# carpet dye



## ekizz (Jan 7, 2005)

whats the best dye for carpet? and can i spraypaint the vinyl on my doors, and it come out fine?


----------



## callMeYourKiller (Jul 19, 2005)

i tried dyeing my carpet black with a ton of the fabric dye they sell at grocery stores and it turned out purple...


http://nissanforums.com/showthread.php?t=87613

http://nissanforums.com/showthread.php?t=82849&highlight=3m+fabric+door

those might help you with your doors.


http://www.auto-interior.com/carpetindex.htm

and they sell carpet for sentras for about $110 shipped, in all different colors.


----------



## K2Fugative169 (Mar 31, 2005)

absolutely DO NOT spray paint the vinyl on your doors. it will flake off and look horrible. you can change the color of the vinyl with vinyl spray dye, which is the same idea as spray paint, but is actually made to soak into the vinyl and be permanent. there are companies that make expensive spray dyes, but the best for the money and easiest to find is Duplicolor. it actually turns out very nice and is simple to do.


----------



## MrFurious (Oct 30, 2005)

I just tried to dye my red carpets black.
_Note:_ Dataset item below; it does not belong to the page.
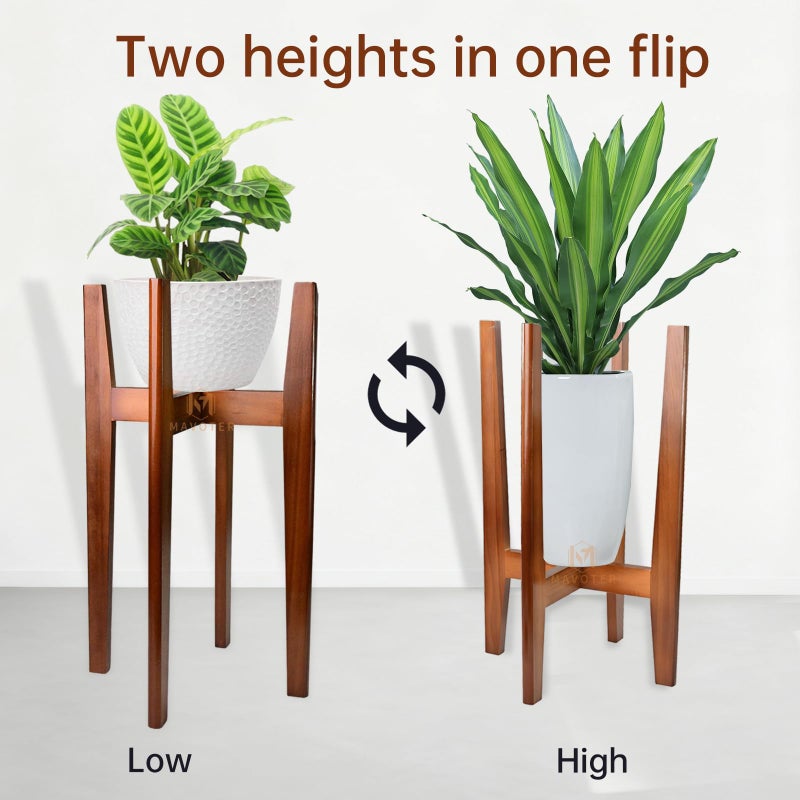 MAVOTER 24" Tall Plant Stand ,Wood Plant Stands Indoor, Mid Century Plant Corner Flower Holder Outdoor Suitable for Plant Pots & Water Dispenser Under 10" (Pot & Plant Not Included) - Image 3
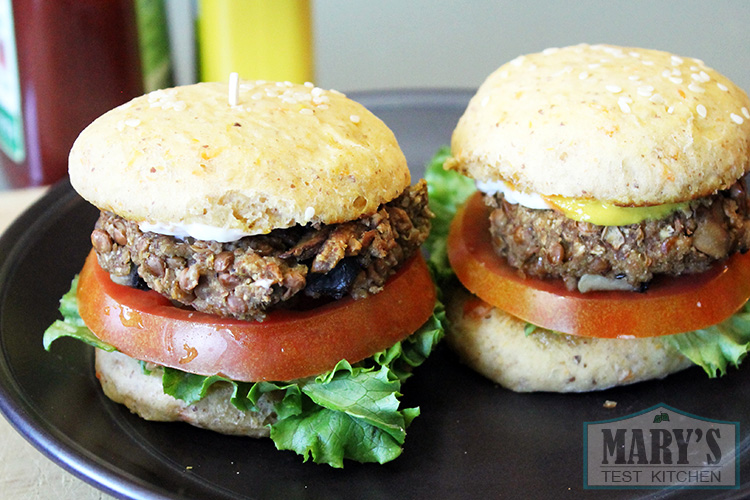 Easy mushroom lentil patties in sweet potato hamburger buns.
Didnt work so great. The dye doesnt soak into the type of carpet of an 86' 300ZX. Its that long haired, synthetic fiber stuff. So the carpet is black with red roots, if you look closely. May work better for other cars, but not mine. My carpets were not really salvagable, so I went ahead and tried it. eh'... Atleast its all one color now, it was red with alot of black stains. If you use the same color your carpet already is, it will work much better. Like if you were just wanting to restore its color.


----------



## MrFurious (Oct 30, 2005)

Just an update here. My carpets look better now that they have fully dried. The red doesnt show through near as much. They dont look new, but for trying to get old nasty carpets looking better I would do it again.


----------